For each object, there are only two possible outcomes. Either it is a finished arrow point or not. The probability of an object being a fixed arrow point is independent of any other object, which means that the binomial distribution is used to solve this question.
Binomial distribution:
[tex]P(X = x) = C_{n,x}.p^{x}.(1-p)^{n-x}[/tex]
[tex]C_{n,x} = \frac{n!}{x!(n-x)!}[/tex]
The parameters are:
- x is the number of successes.
- n is the number of trials.
- p is the probability of a success on a single trial.
In this problem, 10% of the objects were finished arrow points, thus [tex]p = 0.1[/tex].
We want to be at least 90% sure that at least one is a finished arrow point, that is:
[tex]P(X \geq 1) \geq 0.9[/tex]
Considering [tex]P(X \geq 1) = 1 - P(X = 0)[/tex]
[tex]1 - P(X = 0) \geq 0.9[/tex]
[tex]P(X = 0) \leq 0.1[/tex]
We have that:
[tex]P(X = x) = C_{n,x}.p^{x}.(1-p)^{n-x}[/tex]

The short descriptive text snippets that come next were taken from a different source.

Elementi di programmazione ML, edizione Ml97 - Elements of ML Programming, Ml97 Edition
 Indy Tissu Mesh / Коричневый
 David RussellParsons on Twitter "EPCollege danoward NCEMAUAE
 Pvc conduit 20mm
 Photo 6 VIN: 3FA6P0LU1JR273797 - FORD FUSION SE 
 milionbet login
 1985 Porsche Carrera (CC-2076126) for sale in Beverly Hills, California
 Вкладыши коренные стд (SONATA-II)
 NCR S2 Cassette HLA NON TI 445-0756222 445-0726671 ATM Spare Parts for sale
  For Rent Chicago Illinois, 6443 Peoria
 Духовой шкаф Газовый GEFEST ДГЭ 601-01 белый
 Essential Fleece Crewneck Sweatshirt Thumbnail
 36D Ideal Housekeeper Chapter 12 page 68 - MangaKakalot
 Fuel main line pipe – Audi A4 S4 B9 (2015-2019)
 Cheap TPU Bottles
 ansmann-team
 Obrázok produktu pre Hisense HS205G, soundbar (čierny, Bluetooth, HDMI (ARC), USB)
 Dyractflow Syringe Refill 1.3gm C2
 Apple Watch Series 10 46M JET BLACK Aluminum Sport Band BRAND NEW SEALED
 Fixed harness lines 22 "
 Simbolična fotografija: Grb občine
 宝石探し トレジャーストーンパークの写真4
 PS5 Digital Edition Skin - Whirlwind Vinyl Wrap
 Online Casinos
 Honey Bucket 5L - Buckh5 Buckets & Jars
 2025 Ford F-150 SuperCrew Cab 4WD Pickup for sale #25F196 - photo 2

[tex]P(X = 0) = C_{n,0}.(0.1)^{0}.(0.9)^{n} = (0.9)^n[/tex]
Then, we can solve for n:
[tex]P(X = 0) \leq 0.1[/tex]
[tex](0.9)^n \leq 0.1[/tex]
[tex]\log{(0.9)^n} \leq \log{0.1}[/tex]
[tex]n\log{0.9} \geq \log{0.1}[/tex]
[tex]n \geq \frac{\log{0.1}}{\log{0.9}}[/tex]
[tex]n \geq 21.9[/tex]
Rounding up, the smallest number of flaked stone objects that need to be found to be at least 90% sure that at least one is a finished arrow point is 22.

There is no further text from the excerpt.